AUD/JPY buyers cheer nine-month high Aussie Retail Sales
- AUD/JPY traders near the weekly high, positive for the third day in a row, after Australia’s November month Retail Sales.
- Risk tone has recently been recovering amid mixed geopolitical signals concerning the US-Middle East issues.
- Japan’s Leading Economic Index, trade/political headlines will be in focus.
AUD/JPY takes the bids around 75.20, after marking the intra-day high of 75.29, during early Friday. The pair recently benefited from Australia’s November month Retail Sales and market’s risk recovery.
Australian Retail Sales crossed a 0.4% forecast with an upbeat print of 0.9%. The retail sales growth is highest in eight months and might have benefited from ‘Black Friday’ sales. Earlier during the day, Australia’s December month AiG Performance of Services Index slipped to a five-month low of 48.7 versus 53.7.

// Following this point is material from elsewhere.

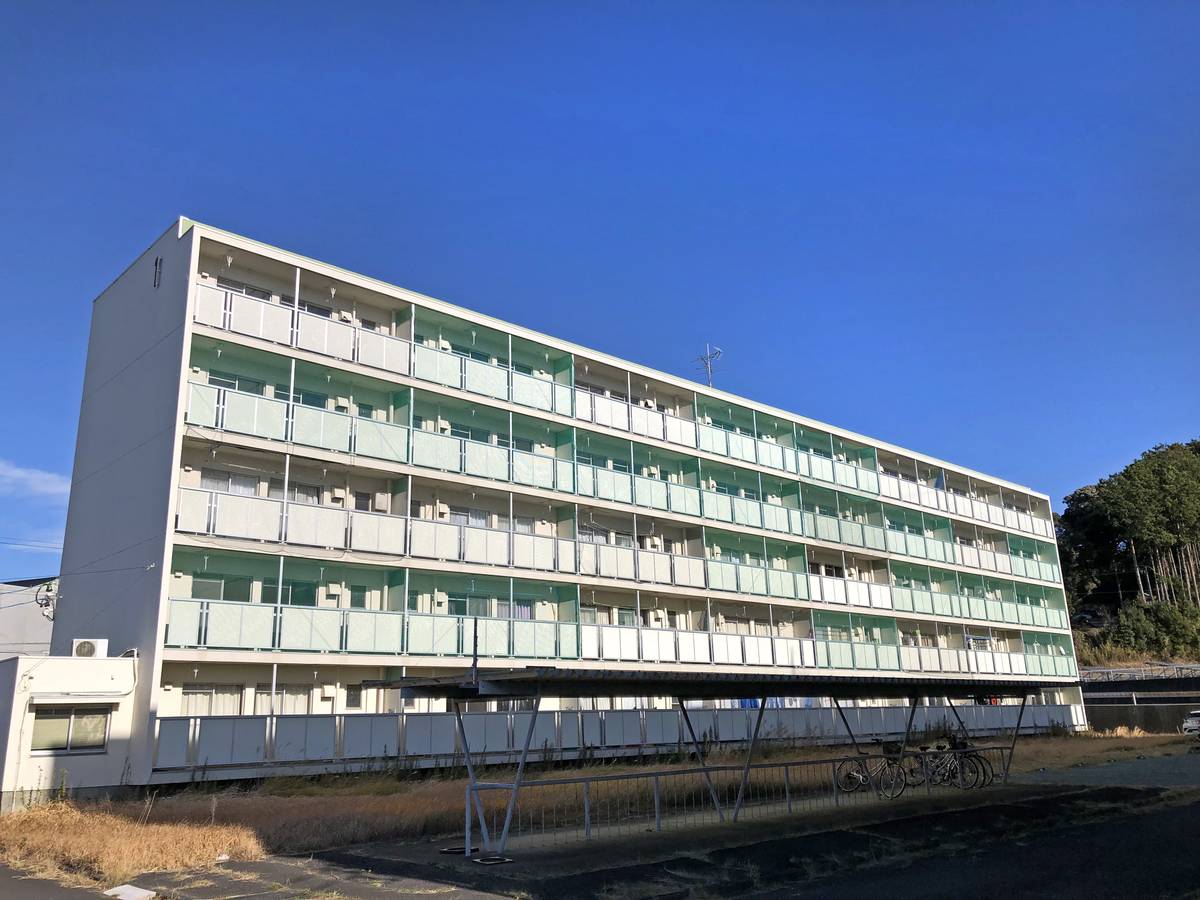  築49年10ヶ月 5階建の賃貸物件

Read: Aussie Retail Sales (Nov MoM): +0.9 vs +0.4 expected (AUD bullish)
The market’s risk sentiment has also contributed to the pair’s run-up. There have been mixed clues about the US-Iran issue, not to forget the fresh signs of Iraq-Syria fight near the border. Even so, the market’s risk tone seems to have recovered with the US 10-year treasury yields rising to 1.86% with the S&P 500 Futures registering 0.15% profits to 3,281.
The US President is now using the global push to investigate Iran’s hand behind the Ukrainian flight crash. However, the US lawmakers’ efforts to limit the Republican leader’s power to use the military against Iran further tame the risk of war.

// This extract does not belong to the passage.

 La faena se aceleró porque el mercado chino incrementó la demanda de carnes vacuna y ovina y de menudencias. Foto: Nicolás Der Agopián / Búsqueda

The US-China phase-one trade deal is near to signing in a ceremony on January 15 but US President Trump prefers waiting for the election outcome before signing the phase-two deal. Also challenging to the risk sentiment could be an expectedly tough start to the phase-two deal negotiations that are likely to start soon.
Having witnessed the upbeat outcome of the Aussie data, markets will now observe Japan’s Preliminary reading of November month Leading Economic Index, expected 90.6 versus 91.6, for immediate direction. Though, major attention will be given to trade/political headlines concerning the current risk-sensitive environment.
21-day SMA near 75.55 limits the pair’s immediate upside ahead of 76.00 and late-December tops near 76.60. On the downside, a 200-day SMA level of 74.85 holds the key to pair’s declines towards December month low near 73.80.